| Quote #1 Punishment without judgment is bearable. It has a name, besides, that guarantees our innocence: it is called misfortune (4.4). |
A term like "misfortune" would "guarantee innocence" because it means that our guilt isn’t our own fault. As Jean-Baptiste argues, criminals don’t want to take responsibility for their crimes. Of course, Jean-Baptiste isn’t exactly begging to take responsibility for his own actions.
| Quote #2 As for me, the injustice was even greater: I was condemned for past successes. For a long time I had lived in the illusion of a general agreement, whereas, from all sides, judgments, arrows, mockeries rained upon me, inattentive and smiling. The day I was alerted I became lucid; I received all the wounds at the same time and lost my strength all at once. The whole universe then began to laugh at me (4.9). |
Jean-Baptiste makes it clear that the laughter he heard coming from the water had to do with his being judged and ridiculed. Now this part is interesting: he realized himself that he was morally reprehensible (for not trying to save the woman on the bridge). But he ascribes his self-judgment to others. That is, because he judges himself to be a jerk, he assumes the rest of the world sees him that way.

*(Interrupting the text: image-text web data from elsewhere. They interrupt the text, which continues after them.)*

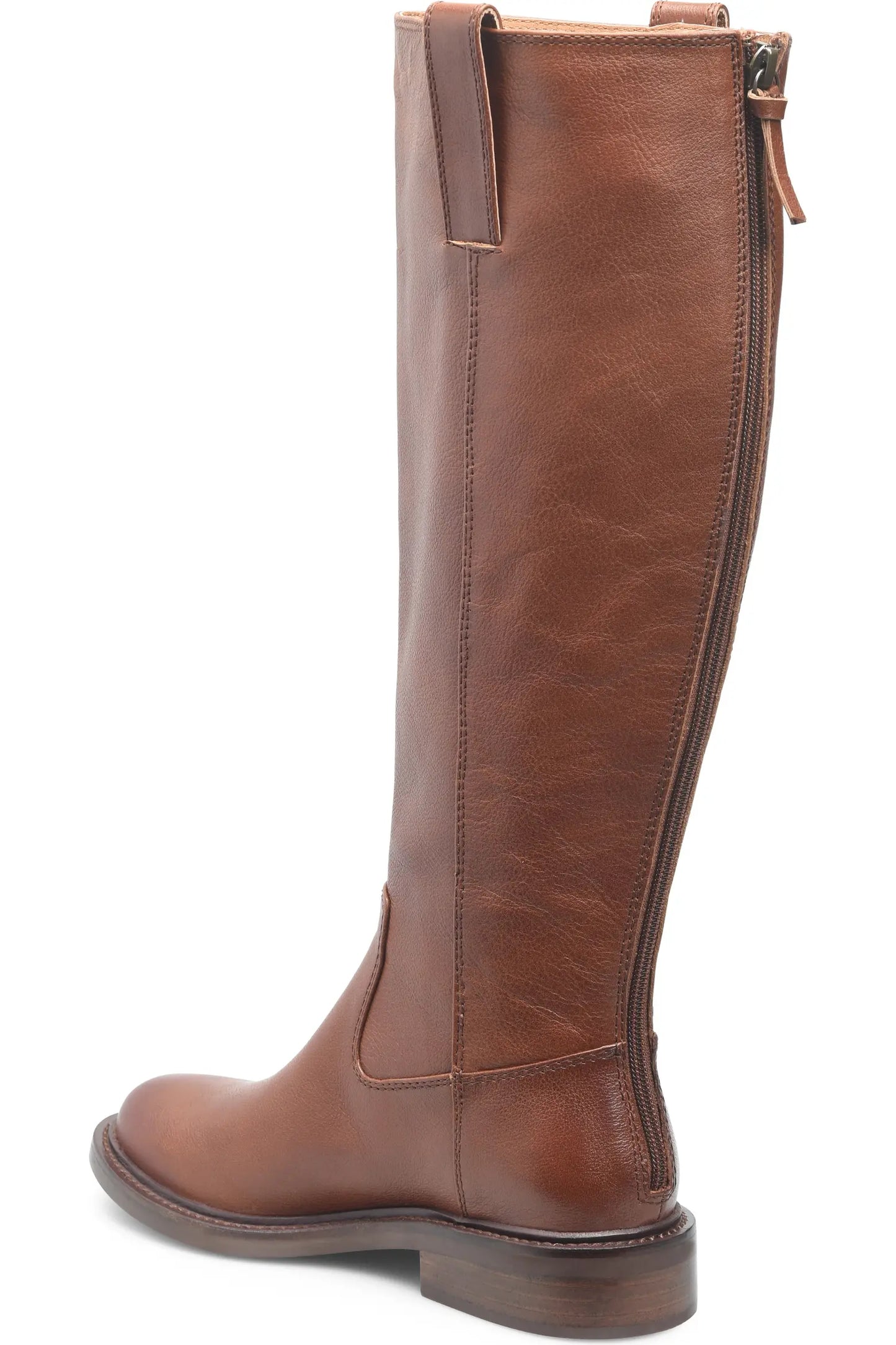 
                  
                    Söfft | Samantha Water Resistant Boot | Brown
                  
                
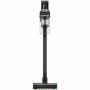 Aspirador Escoba Samsung VS20C9542TN/WA 580 W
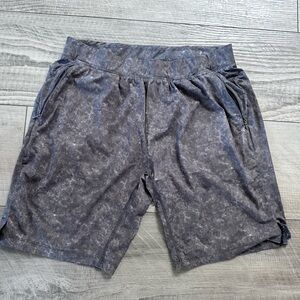 Men's Athletic Shorts
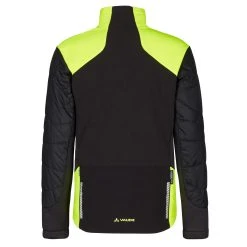 Alternative view of VAUDE MINAKI JACKET III Herren - Fahrradjacke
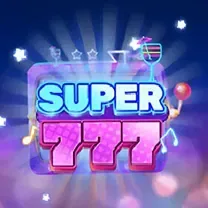 657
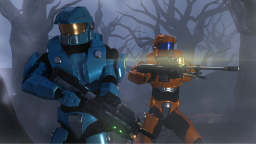 STS Archive Discord Server Banner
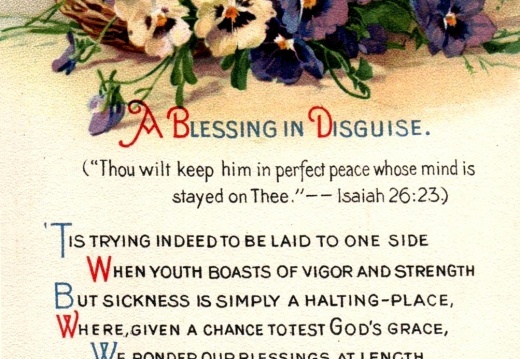 BLESSINGS-23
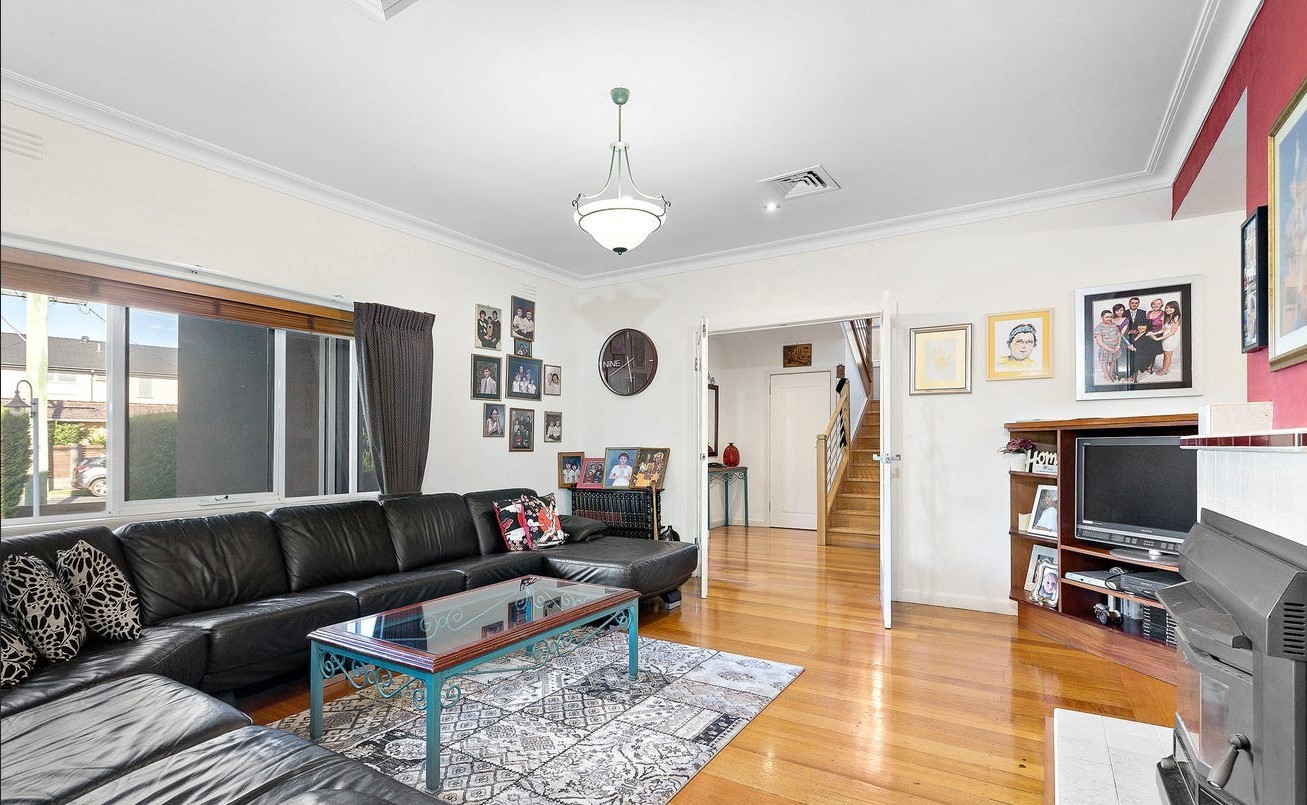 3-3A Millers Road, Altona, VIC 3018, Altona - Thumbnail 2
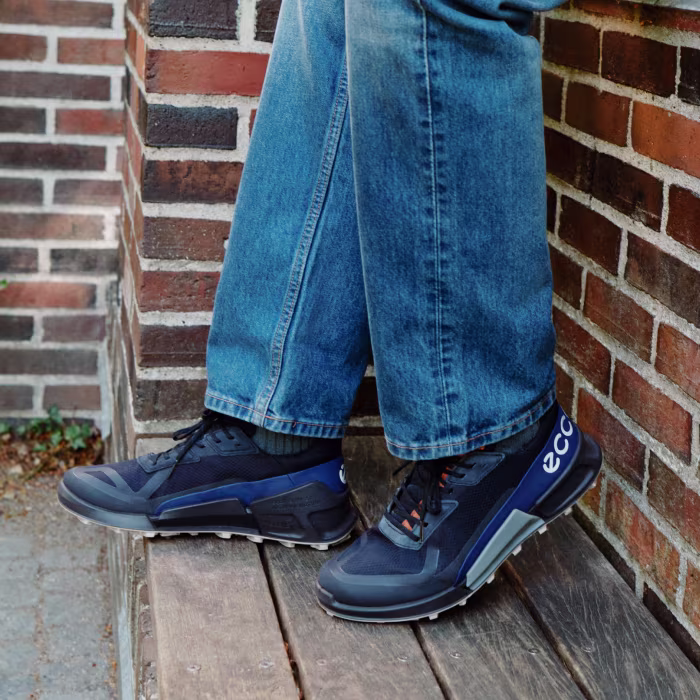 Ecco Biom Explore Men-s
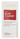 Guinot Nourishing Protective Face Cream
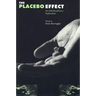 The Placebo Effect: An Interdisciplinary Exploration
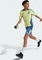 adidas Ajax Tiro 24 Competition Trainingstrikot pulse yellow (Junior) Vorschaubild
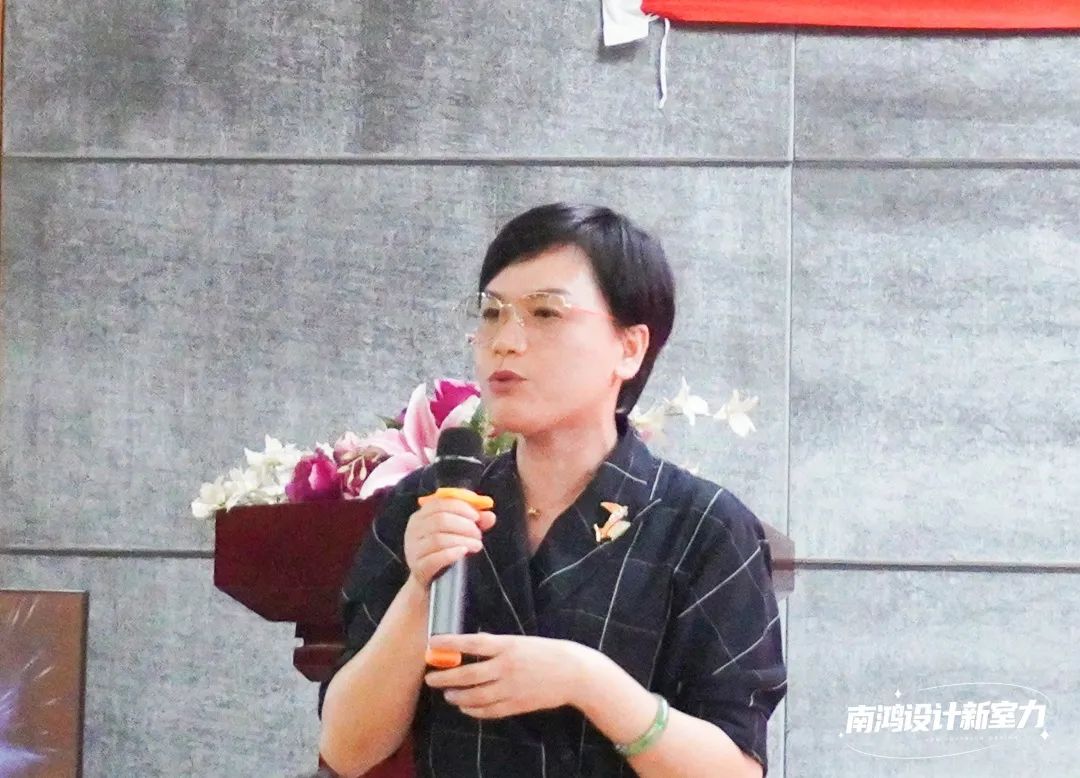 1687657946120717.jpg 微信圖片_20230625094330.jpg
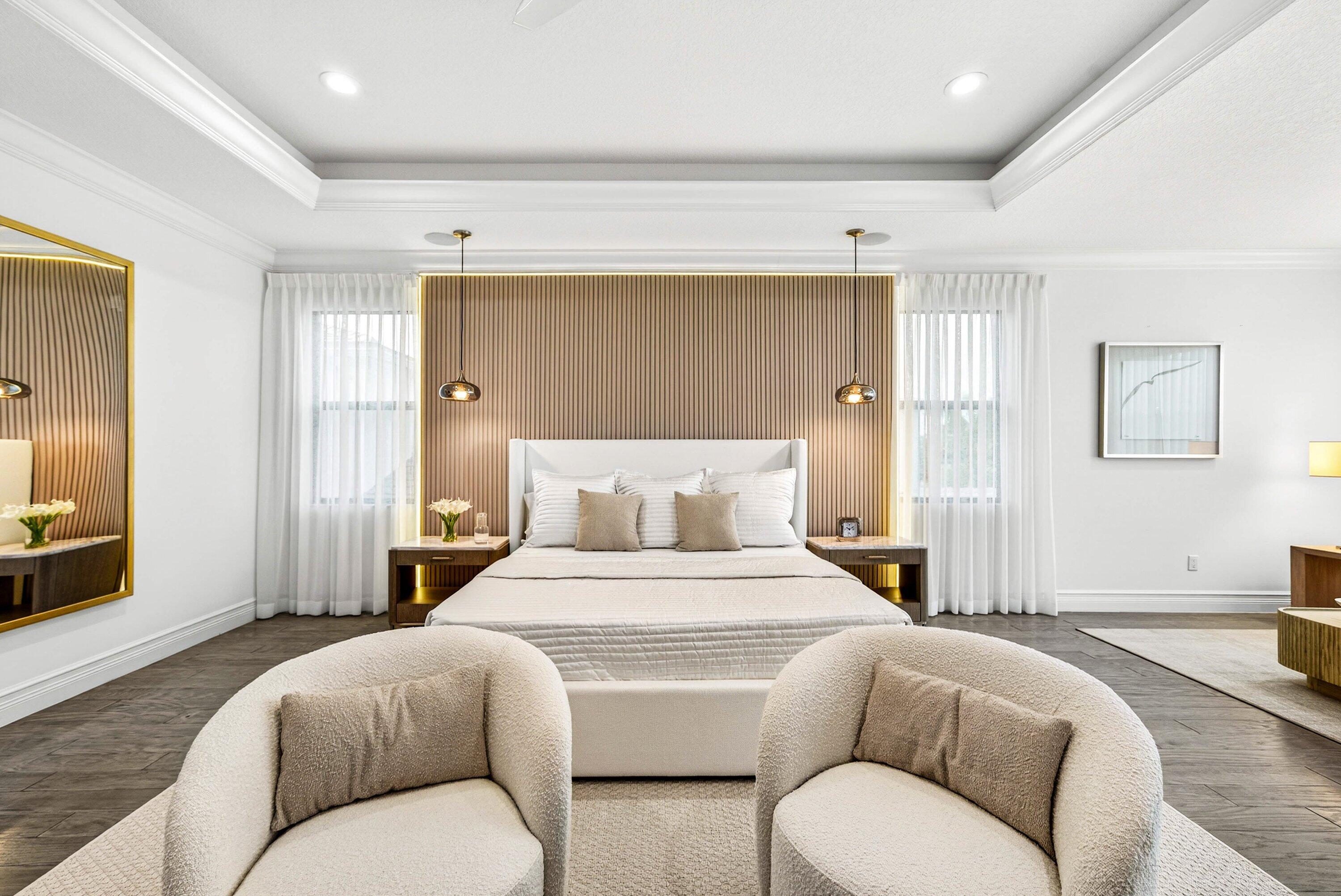 9065 Benedetta Boca Raton, FL 33496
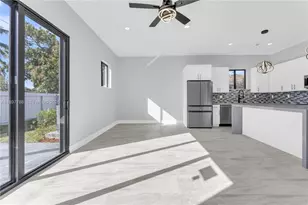 5270 Plunkett St, Hollywood, FL 33021 - Photo 16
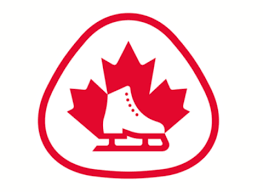 Pre CanSkate &ndash; Nobleton Skating Club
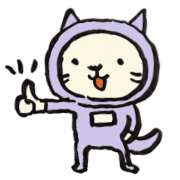 002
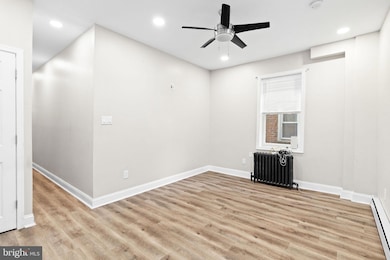 22 N Front St, Darby, PA 19023 - photo 3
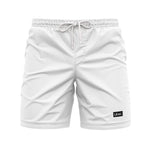Mens Performance Tech 5-Inch Volley Shorts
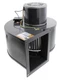 ClimaTek 3.3 Inch Blower Motor MOT99 955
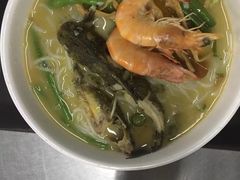 -鲁班喜悦酒店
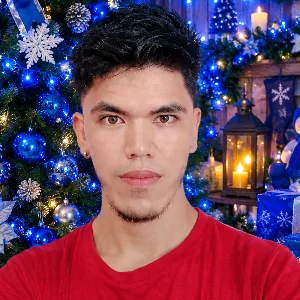 Jostony Rojas
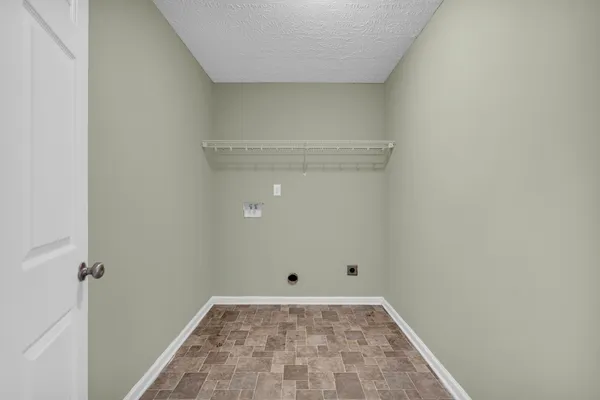 $179,900 | 1213 Northview Extension, Thomson, GA 30824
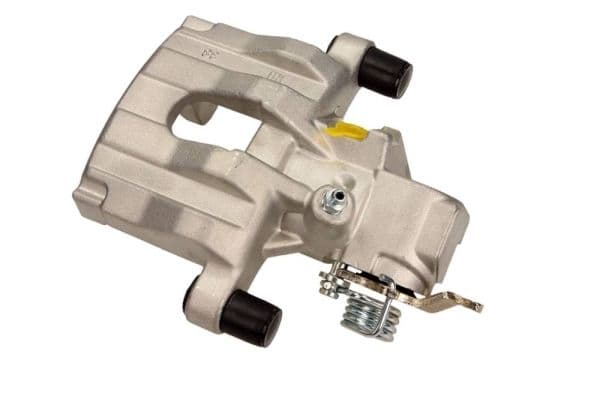 Etrier frana MAXGEAR 82-0406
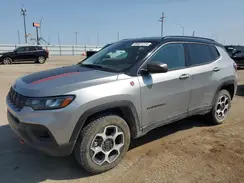 3C4NJDDB1NT155656 2022 JEEP COMPASS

| Quote #3 From this point of view, we are all like that little Frenchman at Buchenwald who insisted on registering a complaint with the clerk, himself a prisoner, who was recording his arrival. A complaint? The clerk and his comrades laughed: "Useless, old man. You don’t lodge a complaint here." "But you see, sir," said the little Frenchman, "my case is exceptional. I am innocent!" |
Jean-Baptiste will later question this need for innocence, with what is an essence a "Why bother?" attack. It’s much easier, he notes, to just proclaim your own guilt. Then you never have to get judged, and you can continue to act like a criminal.